I started off with this Kit from RobotBits.co.uk. In summary its not a bad kit to start with if you're new this. It includes all of the hardware for a basic rover, and if you get the deluxe option it includes a set of wheels, so you just need to bolt it to some kind of chasis and you're good to go. If you shop around you could probably put it together more cheaply, but that assumes you know what you need.
The neatest part of the kits is probably the mini-IO shield - that's the little board in the bottom left of the picture. It plugs into the main Arduino board (into the sockets labeled A0-A5), and gives you all the right pins to connect the servos.
Servo's are the smart motors we're going to use to drive the robot. They're not the best way to drive a robot, but they are the cheapest and easiest. Normally they need a bit of hacking to use them as simple motors, but these come pre-hacked, and you can just plug the two servos straight into the IO shield onto the set of 3 pins labeled 0 and 1. Note the black wire is the ground wire, and goes towards the centre of the main board - the white one is nearest edge of the board.
The kit also comes with a range sensor connected to the same kind of plug. Just to confuse things this might use brown for earth, but otherwise it plugs in to the next set of pins labeled 2.
Now all you need to do is grab the code from here: http://robotbits.co.uk/downloads/single_bump_Servo.pde , load it up into the Arduino IDE from here: http://arduino.cc ,hook up your Arduino to your computer via USB, and download the code into your robot.
If all is good your wheels should start spinning. It may take a few tweaks to get things set up for your robot: If it goes backwards then try switching over the cables for the left and right servos. Alternatively you can just tweak the software until its working. You'll also probably want to tweak the bump trigger threshold to make it more or less sensitive. once its working you can unplug the USB cable, and attach the battery pack - the Arduino will power up and start running your code all on its own.

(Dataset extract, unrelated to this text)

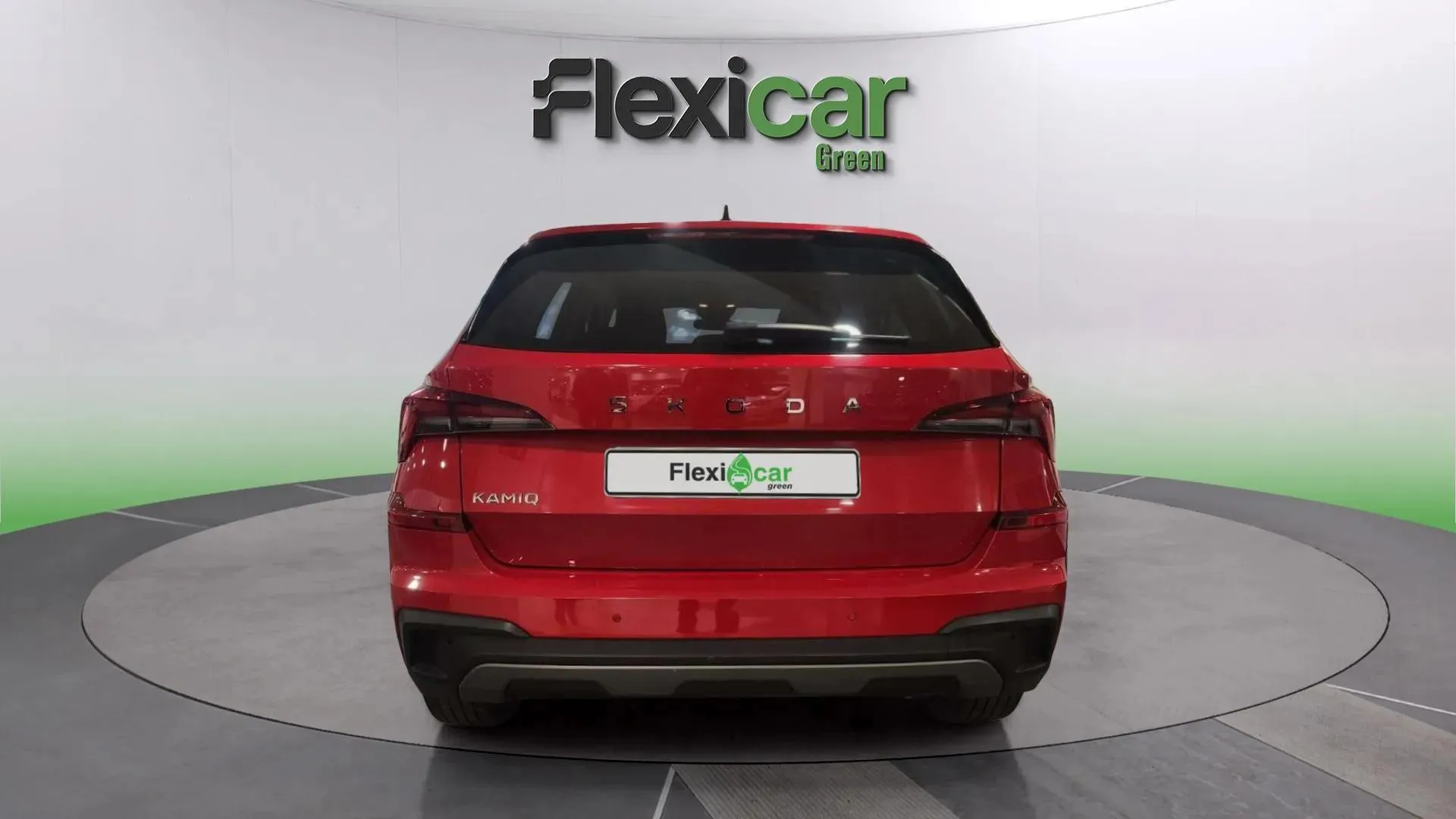 Škoda Kamiq 1.0 TSI Selection - foto 6
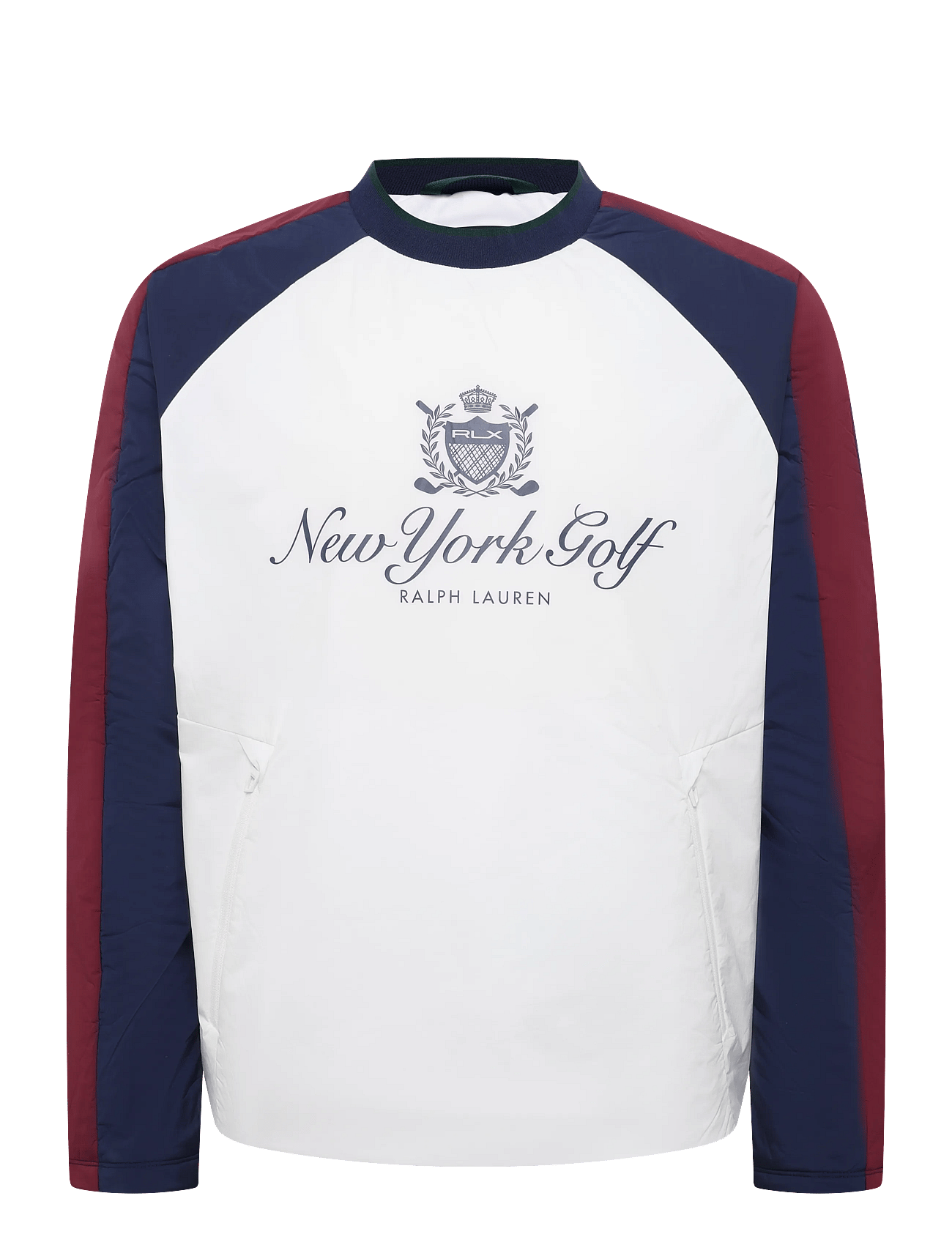 Ralph Lauren Golf - Ltwt Crp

That's the basics of assembling the kit. It's very easy once you know how its put together, and as everything simply plugs together you can have a practise the night before doing it with the kids! My son Alex is only four, but he's a complete robot nut, and loved "helping" on this project. He quickly learnt what each piece was, and enjoyed going though the spare parts box pointing to things he recognised, and asking what new pieces were . I think with supervision a seven or eight year old could assemble this.
In future pages I'll explain easy ways to build an easy chasis, some Arduino basics, adding some upgrades, and building some software to pull the whole thing together.